Here are some coping techniques that can so easily be misused, have the wrong attitude or convey a struggling message that ultimately backfires.

  • Why does “breathe your anxiety away” not work for many?  There is evidence that lower volume rhythmic breathing reduces hyperventilation, and that attention to breathing helps to anchor yourself in the present. But when done in order to relax you can get stuck on trying to breathe right “or else," and trigger additional anxiety.
  • When does mindful awareness not help despite its promise? Mindfulness is a wonderful tool to help you stay focused in the here and now. As with any skill, it gets better with practice. Being mindful is not a way to stop anxiety: it is about learning a new relationship of accepting and not judging your sensory and mental experience. It is about noticing, not fixing. It is about being willing to experience whatever is there in the present moment. 
  • Another ineffective tool is yelling "stop" (or snapping a rubber band on your wrist) whenever disturbing thoughts occur. This makes the thought come back more often and more intensely. The mind feels even more sticky.
  • What about telling yourself reassuring things? This is often called positive self-talk, and it fails to soothe anxiety in the long run. Why is it so hard to convince your irrational mind to become rational? Why won’t reassurance and self-calming stick: In short, you can’t solve too much thinking with more thinking — it is yet another form of struggling. The better choice is to switch your attitude: the anxious worry is not important and not worth engaging.  Don’t argue: it will always argue back. Instead, notice that you are having the thought, accept and allow the anxious feelings,  and let time pass.
  • And what about eating healthy, exercising and reducing stress? These might all be good for you, but they won’t stop panic, intrusive thoughts and worry. Anxiety symptoms are stress-sensitive but they are not caused by stress. Jogging for general health and wellbeing is just fine. Running a mile to try to stop thinking a bad thought is not the answer.

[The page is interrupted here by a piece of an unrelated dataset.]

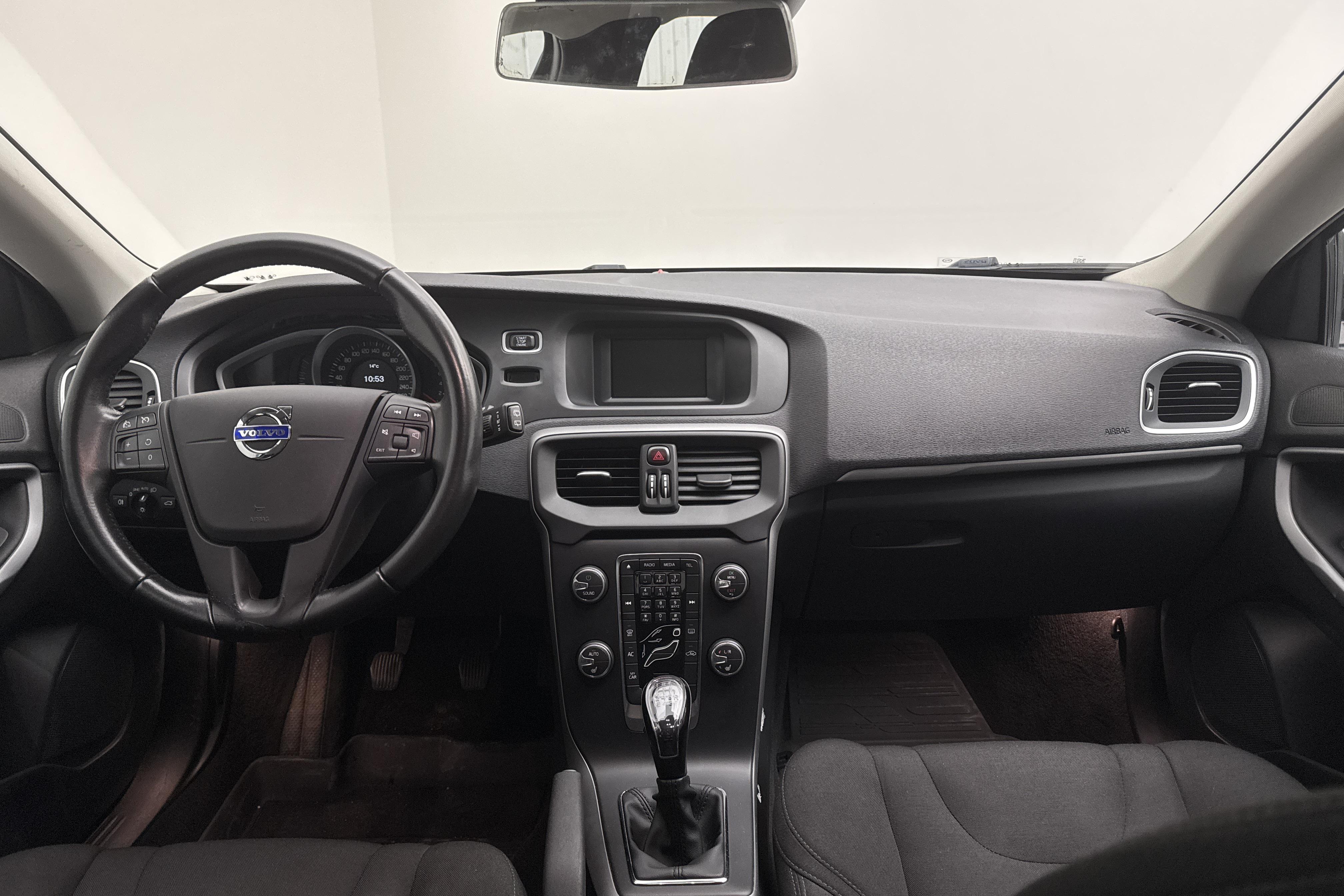 Volvo V40 T2 (122hk) - 134 070 km - Manualna - czarny - 2016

Here is the general rule: Anything is ok is if it done while you allow anxious physical or emotional discomfort to be there and let time pass. The very same behavior or thoughts will contribute to making symptoms worse if it is done in order to get rid of anxiety. The body and mind right themselves — no matter how anxious you feel — if they are allowed to do so. Adding insistence, urgency, or shame takes you away from the present, and undoes the natural calming process. It is the attitude, not the technique, that makes the difference.